↓↓↓
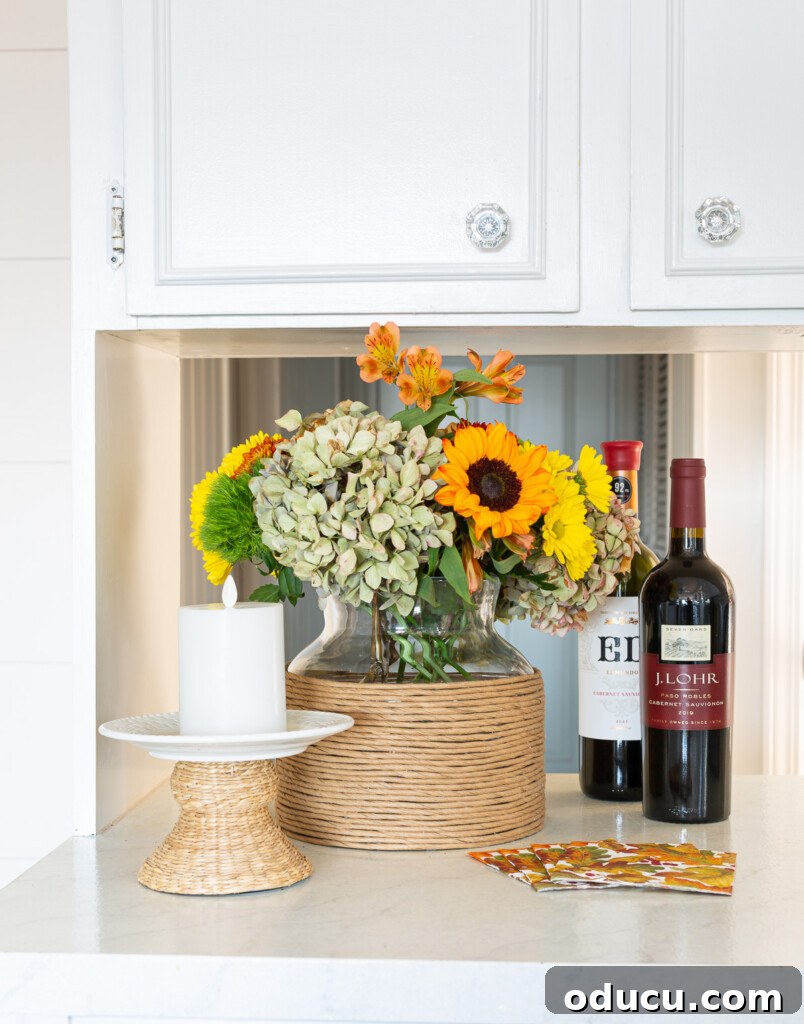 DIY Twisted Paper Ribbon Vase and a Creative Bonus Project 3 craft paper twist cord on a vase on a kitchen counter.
↑↑↑
↓↓↓
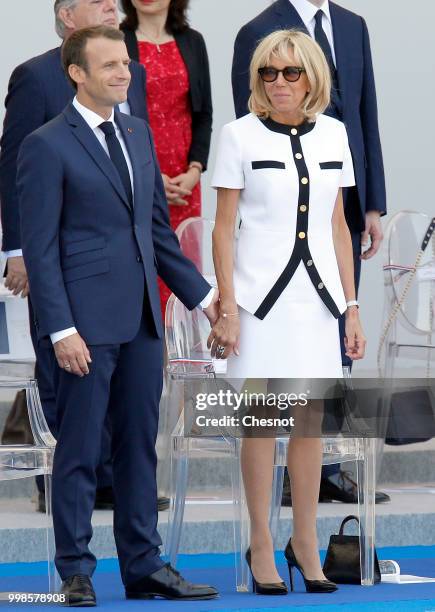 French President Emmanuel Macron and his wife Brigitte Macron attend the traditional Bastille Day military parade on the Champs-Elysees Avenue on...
↑↑↑
↓↓↓
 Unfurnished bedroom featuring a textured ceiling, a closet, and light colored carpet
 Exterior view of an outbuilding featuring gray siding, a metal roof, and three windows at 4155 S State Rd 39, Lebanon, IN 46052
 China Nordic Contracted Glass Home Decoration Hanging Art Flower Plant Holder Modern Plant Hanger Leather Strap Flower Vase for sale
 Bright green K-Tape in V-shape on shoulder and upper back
↑↑↑
### ASSIGNMENT
For this exercise, output exactly the lines above from the line with "Exterior view of" to the line with "China Nordic Contracted", counting both, and leave out the rest.

### RESULT FOR THIS TASK
 Exterior view of an outbuilding featuring gray siding, a metal roof, and three windows at 4155 S State Rd 39, Lebanon, IN 46052
 China Nordic Contracted Glass Home Decoration Hanging Art Flower Plant Holder Modern Plant Hanger Leather Strap Flower Vase for sale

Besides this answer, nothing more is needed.